I guess what I'm saying is that it was worth having the surgery for me. But undergoing an extra surgery with the anesthesia (and nausea that goes with it) and recovery time did take some effort, so I understand that this is not the right choice for everyone. In general, I am not someone who goes for plastic surgery. But it has made a difference for me and I'm glad that I had that choice and that insurance paid for it.

Anyway, sorry to go on and on. I'm glad that you seem to like your new boob. And, if you can't talk about your experiences with it on your own blog, then when can you? I think talking about it can help others with making these kinds of choices! Congratulations!

Michelle said...

That was a nice blog. I have been struggling with the effects of face & stomach. I am finally feeling like I just have to change a few things to to make this whole experience better. I have to invest in a few scarves.
Hugs to you!

Lene Andersen said...

Yep. Not leading with cancer. Not that I can relate exactly, but when I first got a modem 20 years ago (yikes, I feel old!), I became a member of a BBS and for about a year, didn't tell anyone about my disability. It was incredibly liberating. Kinda fun to be like everyone else and not have to go through the usual song-and-dance.

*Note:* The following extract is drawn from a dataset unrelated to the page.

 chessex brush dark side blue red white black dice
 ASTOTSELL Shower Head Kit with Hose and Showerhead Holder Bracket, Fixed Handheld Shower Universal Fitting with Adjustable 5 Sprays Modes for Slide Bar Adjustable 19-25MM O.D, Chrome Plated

Of course, this means that when we have the patio meet this summer, I'll be looking at your chest. And I promise to tell you if it's akimbo. ;)

nonlineargirl said...

As a collector of good quotes, I can not resist "It was also a good opportunity to put the boob through it's paces" - cracked me up.

Blondie said...

How interesting! As a very small breasted woman, I understand in this very strange way. I gained some weight, which I was feeling terrible about, but then my boobs actually got a little bigger. So instead of looking like an 11 year old boy in too large shirts, I suddenly had a slight lift. People also asked me what was different. I said, "I got a bra. That fits." It really does make a difference.